SUPPLIED ENTRIES

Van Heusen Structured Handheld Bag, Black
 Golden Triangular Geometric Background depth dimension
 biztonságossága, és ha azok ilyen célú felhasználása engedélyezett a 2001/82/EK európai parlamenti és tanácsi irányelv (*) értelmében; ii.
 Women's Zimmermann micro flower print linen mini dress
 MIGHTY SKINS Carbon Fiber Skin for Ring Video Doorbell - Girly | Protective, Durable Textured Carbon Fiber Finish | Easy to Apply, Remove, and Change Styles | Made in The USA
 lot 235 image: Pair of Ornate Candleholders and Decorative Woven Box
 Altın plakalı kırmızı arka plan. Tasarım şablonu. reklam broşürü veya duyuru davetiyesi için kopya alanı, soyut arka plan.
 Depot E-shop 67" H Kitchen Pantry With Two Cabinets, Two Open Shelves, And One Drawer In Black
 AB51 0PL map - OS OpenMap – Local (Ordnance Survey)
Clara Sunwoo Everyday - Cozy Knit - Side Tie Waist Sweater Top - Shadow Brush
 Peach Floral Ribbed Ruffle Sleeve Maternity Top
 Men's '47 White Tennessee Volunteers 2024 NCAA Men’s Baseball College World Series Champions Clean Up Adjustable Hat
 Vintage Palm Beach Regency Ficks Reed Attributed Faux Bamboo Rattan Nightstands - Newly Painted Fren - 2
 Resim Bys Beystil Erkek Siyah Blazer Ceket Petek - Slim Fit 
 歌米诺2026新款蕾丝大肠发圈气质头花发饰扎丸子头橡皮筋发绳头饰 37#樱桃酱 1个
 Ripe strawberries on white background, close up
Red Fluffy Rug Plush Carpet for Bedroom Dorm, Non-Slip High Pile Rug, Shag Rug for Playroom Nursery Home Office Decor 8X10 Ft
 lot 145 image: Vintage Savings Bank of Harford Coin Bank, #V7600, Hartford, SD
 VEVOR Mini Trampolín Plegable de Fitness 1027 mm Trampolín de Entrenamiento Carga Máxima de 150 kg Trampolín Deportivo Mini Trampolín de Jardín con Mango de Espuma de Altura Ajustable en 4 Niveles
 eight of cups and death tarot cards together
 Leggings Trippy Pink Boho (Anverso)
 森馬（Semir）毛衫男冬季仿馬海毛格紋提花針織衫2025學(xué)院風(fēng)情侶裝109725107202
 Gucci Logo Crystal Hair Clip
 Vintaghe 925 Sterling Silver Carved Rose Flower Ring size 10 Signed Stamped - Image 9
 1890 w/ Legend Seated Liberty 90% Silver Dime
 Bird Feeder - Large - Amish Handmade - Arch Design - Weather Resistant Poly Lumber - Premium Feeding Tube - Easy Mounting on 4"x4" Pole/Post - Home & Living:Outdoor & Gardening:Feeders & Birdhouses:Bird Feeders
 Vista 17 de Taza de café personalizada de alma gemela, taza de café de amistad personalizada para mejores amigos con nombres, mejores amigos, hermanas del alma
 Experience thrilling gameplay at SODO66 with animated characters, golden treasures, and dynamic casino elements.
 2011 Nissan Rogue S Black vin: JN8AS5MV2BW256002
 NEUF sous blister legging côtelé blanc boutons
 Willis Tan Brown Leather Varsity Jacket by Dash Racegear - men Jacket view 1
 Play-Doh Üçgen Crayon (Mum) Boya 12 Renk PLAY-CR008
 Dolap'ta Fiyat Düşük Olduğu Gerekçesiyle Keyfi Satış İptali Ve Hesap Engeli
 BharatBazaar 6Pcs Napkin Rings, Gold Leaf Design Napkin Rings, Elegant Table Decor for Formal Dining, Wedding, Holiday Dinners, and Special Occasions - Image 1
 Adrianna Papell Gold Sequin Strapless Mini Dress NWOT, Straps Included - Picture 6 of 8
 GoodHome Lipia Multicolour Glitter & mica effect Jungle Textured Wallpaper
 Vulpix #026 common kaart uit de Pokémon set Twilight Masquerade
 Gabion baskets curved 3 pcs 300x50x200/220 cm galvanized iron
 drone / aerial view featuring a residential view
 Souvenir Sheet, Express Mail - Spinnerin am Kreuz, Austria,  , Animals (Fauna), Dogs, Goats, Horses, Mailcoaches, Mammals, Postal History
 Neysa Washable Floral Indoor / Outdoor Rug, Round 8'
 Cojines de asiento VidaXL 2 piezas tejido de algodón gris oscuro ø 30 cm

PROBLEM REQUIREMENTS
Output each line exactly, from the first line of the data down to the line that contains "lot 235 image: Pair", both included.

SOLVED EXERCISE
Van Heusen Structured Handheld Bag, Black
 Golden Triangular Geometric Background depth dimension
 biztonságossága, és ha azok ilyen célú felhasználása engedélyezett a 2001/82/EK európai parlamenti és tanácsi irányelv (*) értelmében; ii.
 Women's Zimmermann micro flower print linen mini dress
 MIGHTY SKINS Carbon Fiber Skin for Ring Video Doorbell - Girly | Protective, Durable Textured Carbon Fiber Finish | Easy to Apply, Remove, and Change Styles | Made in The USA
 lot 235 image: Pair of Ornate Candleholders and Decorative Woven Box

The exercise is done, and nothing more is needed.